START Data extracts

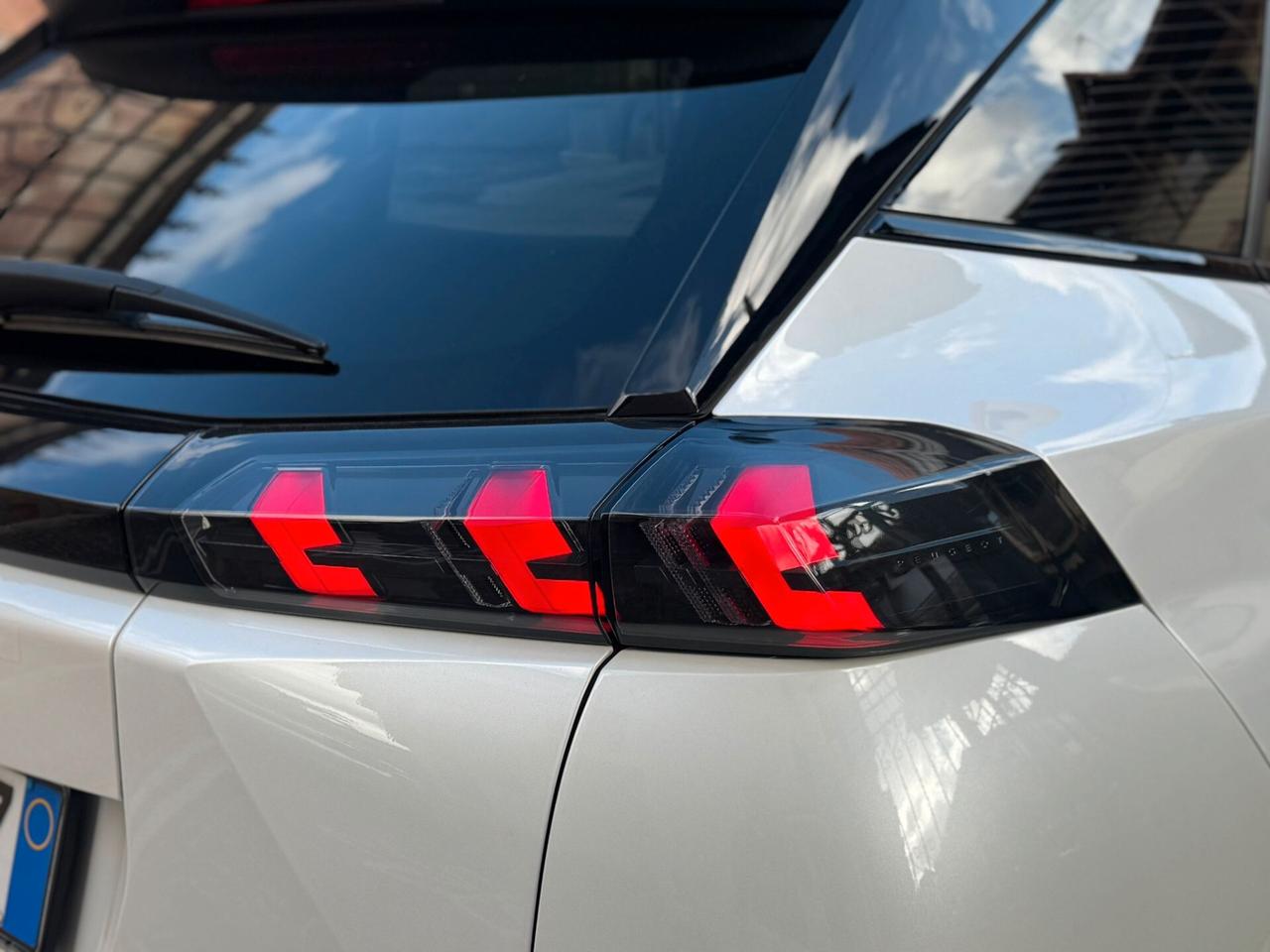 Peugeot 2008 BlueHDi 130 S&S EAT8 GT Pack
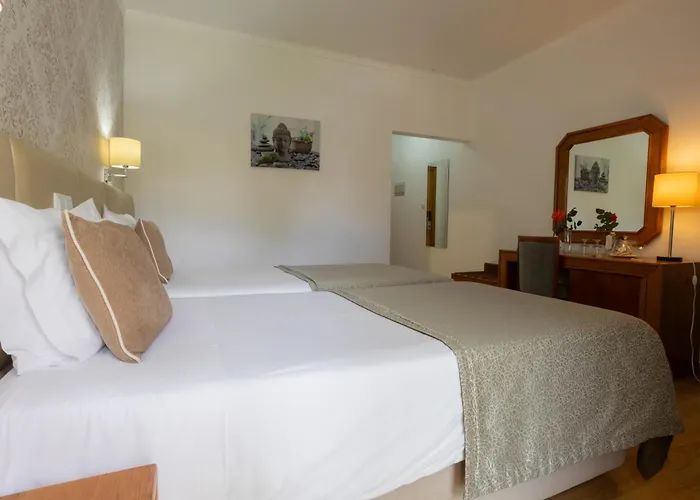 Sao Jorge Garden מלון 3*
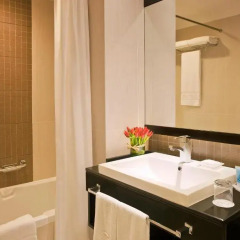 Отель Towers Rotana - Dubai Классический номер с различными типами кроватей фото 5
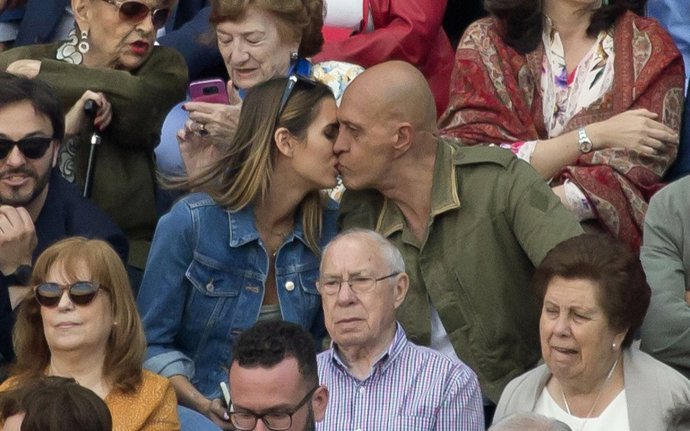 Kiko Matamoros y Marta López se comen a besos en Las Ventas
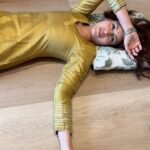 Surbhi Chandna Instagram - Ask me personally i love love wooden Floorings My New house would be incomplete without it So i Happen to choose my favourite from a wide range of floorings available at @squarefootindia The one i opted for is SPC Oak Bangkok and hands down what fabulous quality 😍 #newhouse #woodenflooring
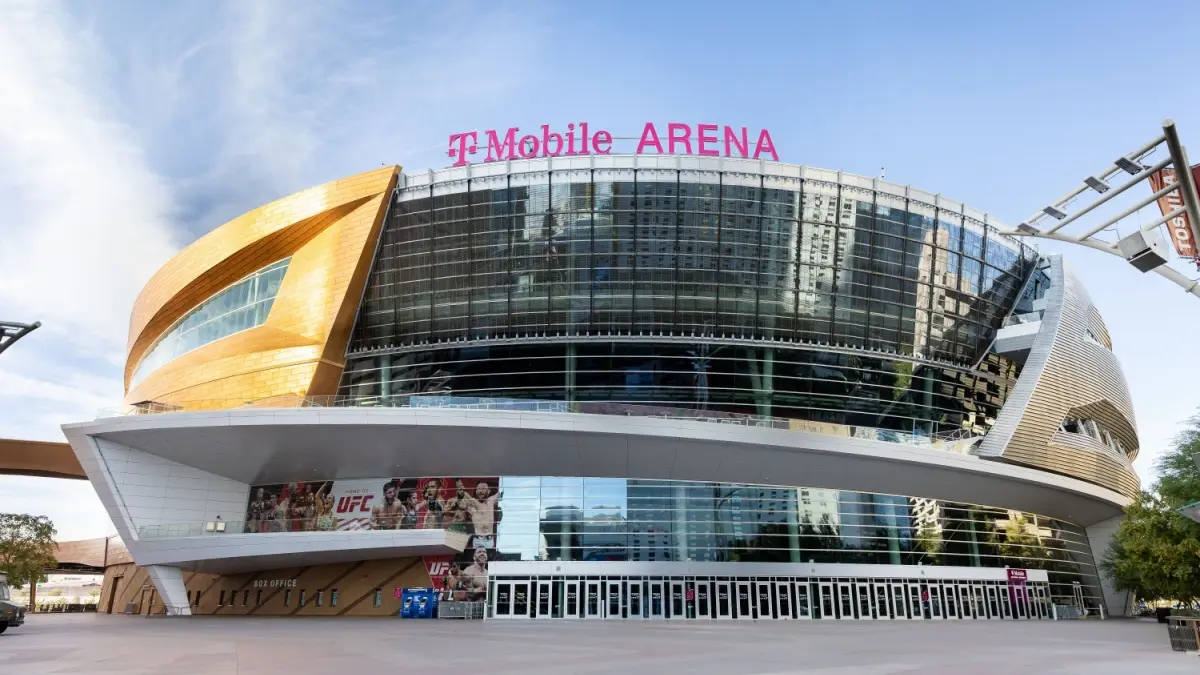 The Las Vegas Aces seek their 14th straight win when they host the Chicago Sky on Sunday.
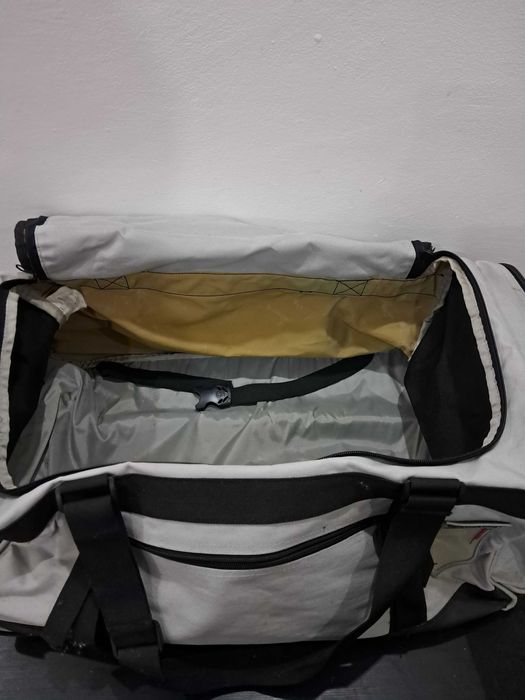 Geanta cu roti Champion + ulei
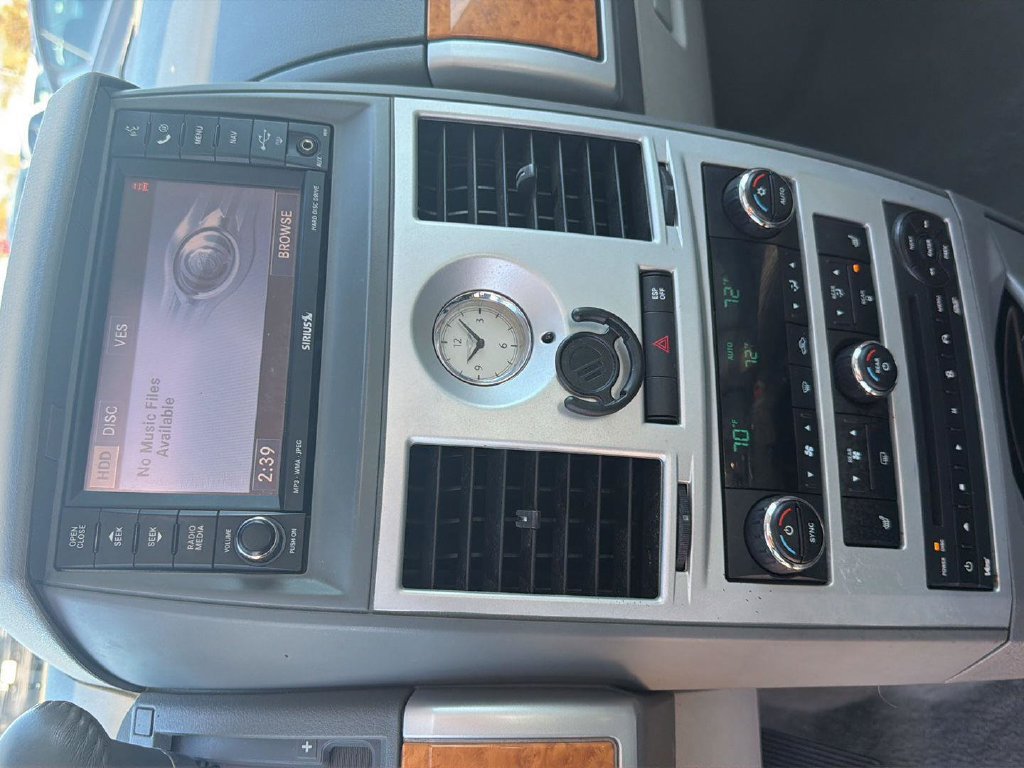 Used 2010 Chrysler Town & Country Limited w/ Entertainment Group #3 FWD image 25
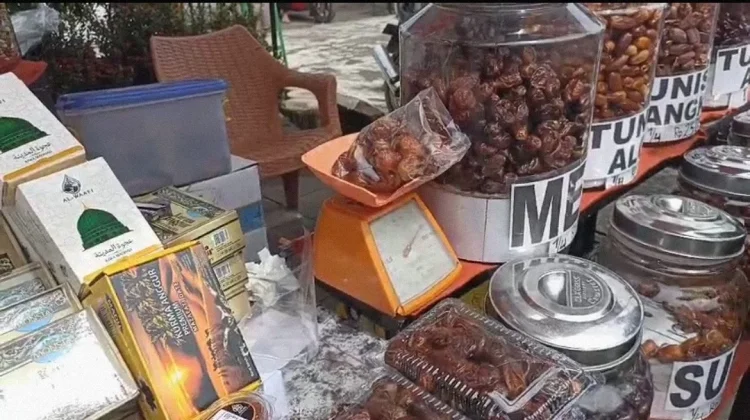 Penjualan Kurma Meningkat Selama Ramadan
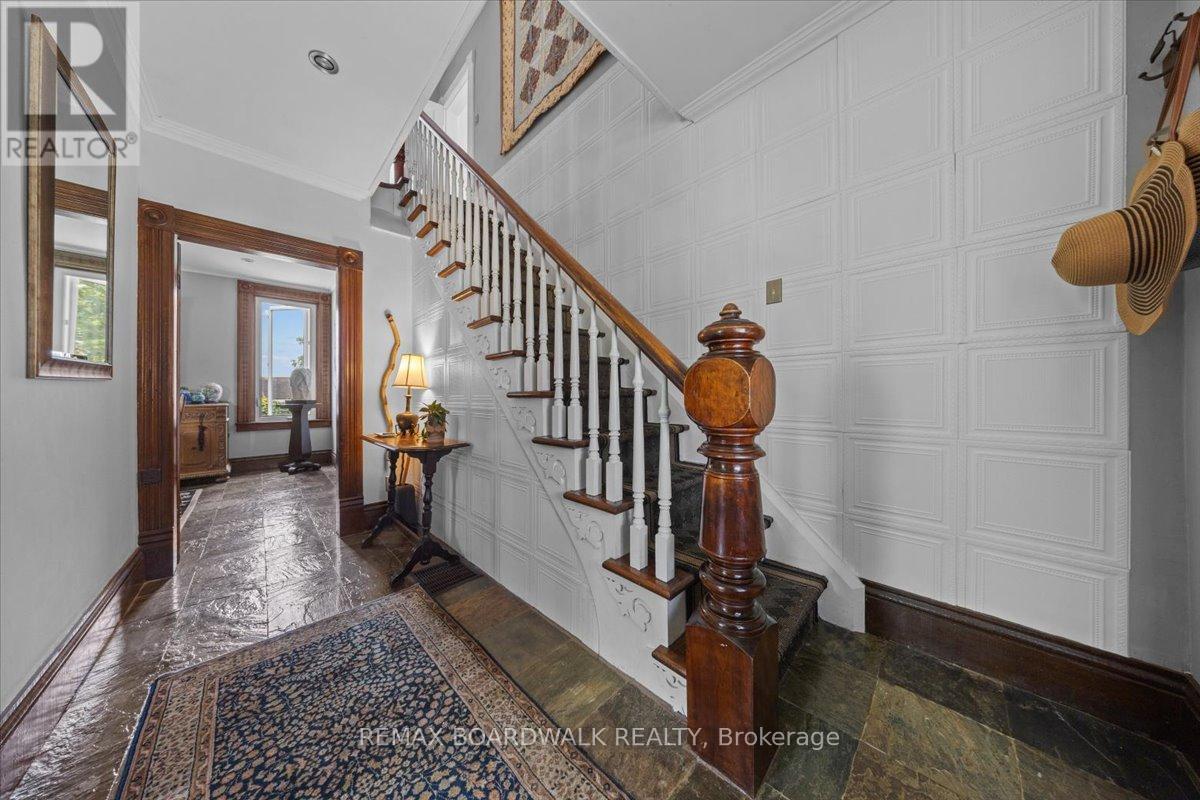 119 OAKEL STREET - 6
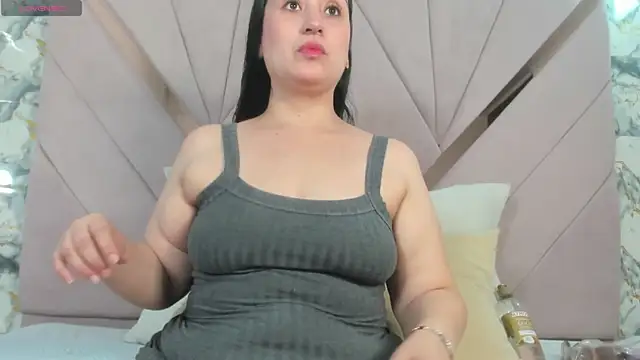 Snapshot of naomy_sexy_ chatting on May 11, 10:07 pm naomy sexy online show from May 11, 10:07 pm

END Data extracts

Exercise goal: Please write out exactly the lines starting at the one that contains "Penjualan Kurma Meningkat Selama Ramadan" and ending with the final line of the entries, both ends included. Do not write out any pictures.

Result for this exercise:
 Penjualan Kurma Meningkat Selama Ramadan
 119 OAKEL STREET - 6
 Snapshot of naomy_sexy_ chatting on May 11, 10:07 pm naomy sexy online show from May 11, 10:07 pm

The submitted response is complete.